Despite the established legal principle of not using prior bad acts of the defendant to impugn their character, defense lawyers often lose evidentiary arguments in New York – both at trial and on appeal. In Weinstein’s case, prosecutors were permitted to bring in evidence regarding 28 prior bad acts, ranging from Weinstein flipping a table of food at his brother, to allegations of sexual assault outside the statute of limitations made by women who therefore could not have their crimes prosecuted.

Although the jury was instructed by the judge not to use the evidence of prior bad acts to make an inference of Weinstein’s propensity to commit the crimes he was charged with, Weinstein’s lawyer argued that it is not possible for the jurors to have heard about all these incidents and not conclude that since Weinstein has the propensity to commit crimes therefore he committed the crimes he was being tried for. The question boils down to this: Did the jurors convict Weinstein because the prosecutors proved he committed these crimes, or did they convict him because they were convinced someone who had previously acted so abominably would commit those crimes? His lawyers are arguing the latter.

It’s a frustratingly good argument. For those of us who have followed the extensive reporting on Weinstein’s misdeeds over the decades, this argument makes intuitive sense. After learning of Weinstein’s pattern of abusive behaviors over the years, it is easy to believe that he committed any act he was accused of without hearing anything more. But this is not how the criminal justice system is supposed to work. Jurors were supposed to decide if Weinstein raped and assaulted specific women, based on the evidence relating to those incidences, not whether he is generally a bad person who does bad things and is therefore guilty of any accusation laid at his door.

While the overturning of Bill Cosby’s conviction was also infuriating, that had to do with a different, narrower set of issues involving a verbal agreement from a previous DA not to prosecute. But Weinstein’s appeal is about bigger questions that have much broader implications for the justice system and the many people without his fame or fortune who are put through it.

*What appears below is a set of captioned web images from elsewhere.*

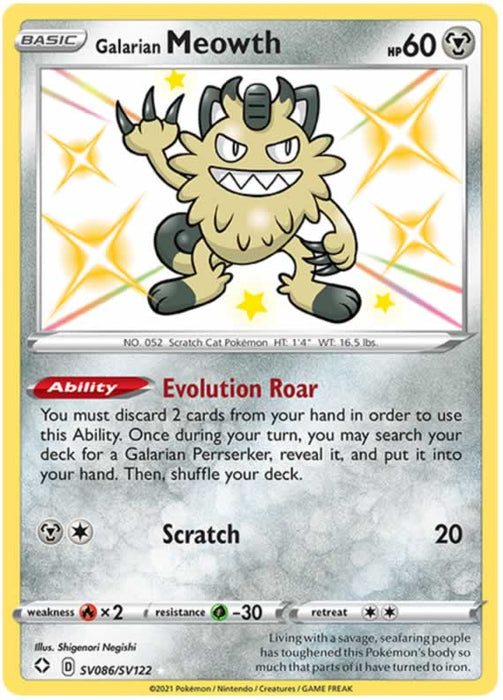 Galarian Meowth SV086/SV122 Shiny Rare Pokemon Card (Shining Fates)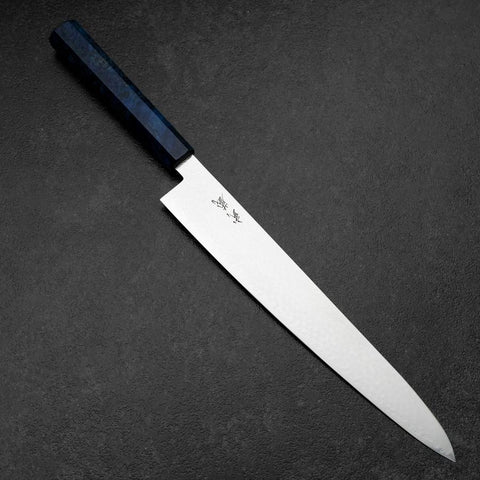 Sujihiki VG-10 Damas Manche en Bois de Bouleau Bleu 270mm-[Musashi]-[Couteaux de cuisine japonais]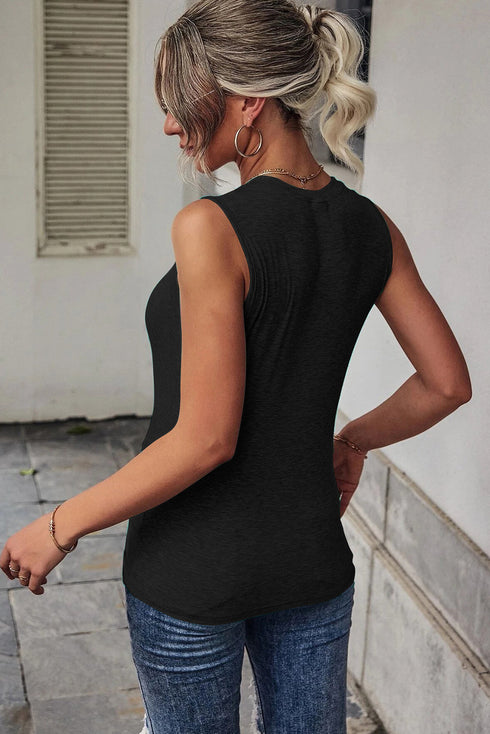 Rib Knit Cut-out Front Twist Tank Top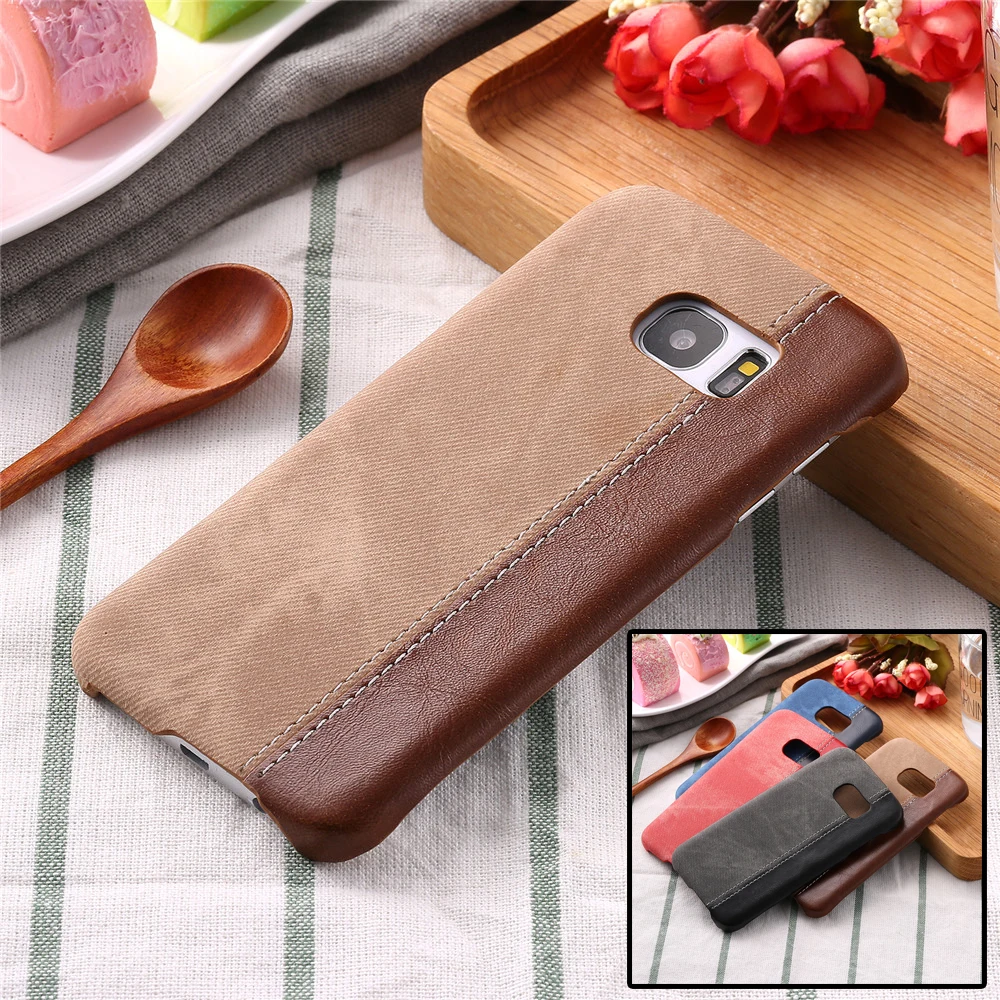 Brown Hybrid PU Leather and PC Plastic Case for Samsung Galaxy S7 S6 Edge Plus Iphone 7 6 Phone Back Cover Coque Shell |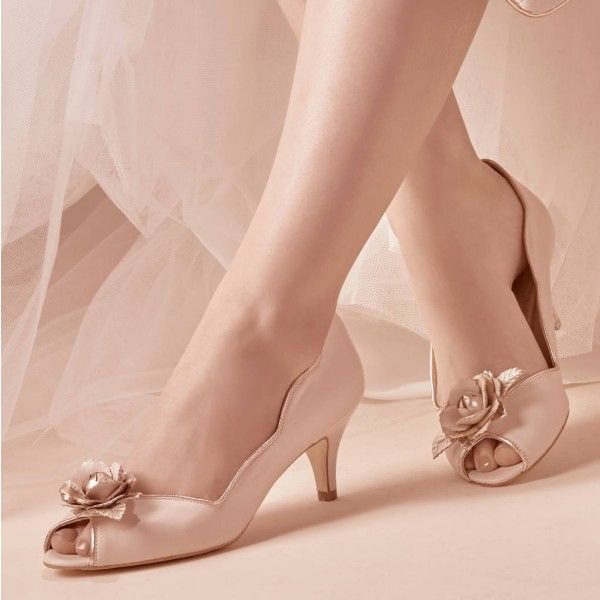 rose gold kitten heels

So yes, the prospect that Weinstein’s conviction will be overturned is maddening. But so is the fact that prosecutors gave Weinstein’s attorneys fodder for appeal rather than proving their case on its merits. If Weinstein’s conviction is overturned, hopefully the courts’ interest in overzealous prosecutions does some good for the poor, Black, and brown defendants who struggle with the same evidentiary questions every day.